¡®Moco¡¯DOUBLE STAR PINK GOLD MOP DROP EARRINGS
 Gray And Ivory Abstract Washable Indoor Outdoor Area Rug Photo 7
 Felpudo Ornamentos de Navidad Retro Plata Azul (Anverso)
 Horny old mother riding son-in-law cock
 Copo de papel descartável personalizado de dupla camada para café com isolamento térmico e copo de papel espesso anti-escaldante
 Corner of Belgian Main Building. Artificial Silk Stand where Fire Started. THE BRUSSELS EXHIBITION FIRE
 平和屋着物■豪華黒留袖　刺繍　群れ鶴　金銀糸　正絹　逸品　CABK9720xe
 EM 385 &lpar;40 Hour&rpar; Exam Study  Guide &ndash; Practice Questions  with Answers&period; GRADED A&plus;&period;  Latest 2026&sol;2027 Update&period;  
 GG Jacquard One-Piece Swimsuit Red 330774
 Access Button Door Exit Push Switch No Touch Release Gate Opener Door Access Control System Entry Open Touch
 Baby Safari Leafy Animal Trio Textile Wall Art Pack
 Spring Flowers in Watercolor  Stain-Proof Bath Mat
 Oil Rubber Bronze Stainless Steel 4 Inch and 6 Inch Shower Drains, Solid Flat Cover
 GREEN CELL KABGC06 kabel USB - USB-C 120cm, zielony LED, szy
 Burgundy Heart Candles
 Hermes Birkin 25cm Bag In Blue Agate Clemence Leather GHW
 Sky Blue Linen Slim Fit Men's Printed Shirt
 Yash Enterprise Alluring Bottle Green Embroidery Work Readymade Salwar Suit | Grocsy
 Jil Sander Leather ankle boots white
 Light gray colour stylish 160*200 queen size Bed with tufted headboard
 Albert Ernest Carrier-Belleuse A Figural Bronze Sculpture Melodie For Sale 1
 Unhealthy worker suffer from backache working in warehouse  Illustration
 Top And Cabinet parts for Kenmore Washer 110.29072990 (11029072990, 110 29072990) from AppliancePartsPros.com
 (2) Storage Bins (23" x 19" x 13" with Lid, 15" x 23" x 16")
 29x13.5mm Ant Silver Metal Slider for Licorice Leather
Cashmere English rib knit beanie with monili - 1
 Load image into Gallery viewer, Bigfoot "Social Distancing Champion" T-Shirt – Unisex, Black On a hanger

------------------------------------------------------------

Out of the material above, output word for word the line with "Horny old mother riding son-in-law cock", the line with "Light gray colour", and all lines between them, with nothing else.

__Answer to this task__
 Horny old mother riding son-in-law cock
 Copo de papel descartável personalizado de dupla camada para café com isolamento térmico e copo de papel espesso anti-escaldante
 Corner of Belgian Main Building. Artificial Silk Stand where Fire Started. THE BRUSSELS EXHIBITION FIRE
 平和屋着物■豪華黒留袖　刺繍　群れ鶴　金銀糸　正絹　逸品　CABK9720xe
 EM 385 &lpar;40 Hour&rpar; Exam Study  Guide &ndash; Practice Questions  with Answers&period; GRADED A&plus;&period;  Latest 2026&sol;2027 Update&period;  
 GG Jacquard One-Piece Swimsuit Red 330774
 Access Button Door Exit Push Switch No Touch Release Gate Opener Door Access Control System Entry Open Touch
 Baby Safari Leafy Animal Trio Textile Wall Art Pack
 Spring Flowers in Watercolor  Stain-Proof Bath Mat
 Oil Rubber Bronze Stainless Steel 4 Inch and 6 Inch Shower Drains, Solid Flat Cover
 GREEN CELL KABGC06 kabel USB - USB-C 120cm, zielony LED, szy
 Burgundy Heart Candles
 Hermes Birkin 25cm Bag In Blue Agate Clemence Leather GHW
 Sky Blue Linen Slim Fit Men's Printed Shirt
 Yash Enterprise Alluring Bottle Green Embroidery Work Readymade Salwar Suit | Grocsy
 Jil Sander Leather ankle boots white
 Light gray colour stylish 160*200 queen size Bed with tufted headboard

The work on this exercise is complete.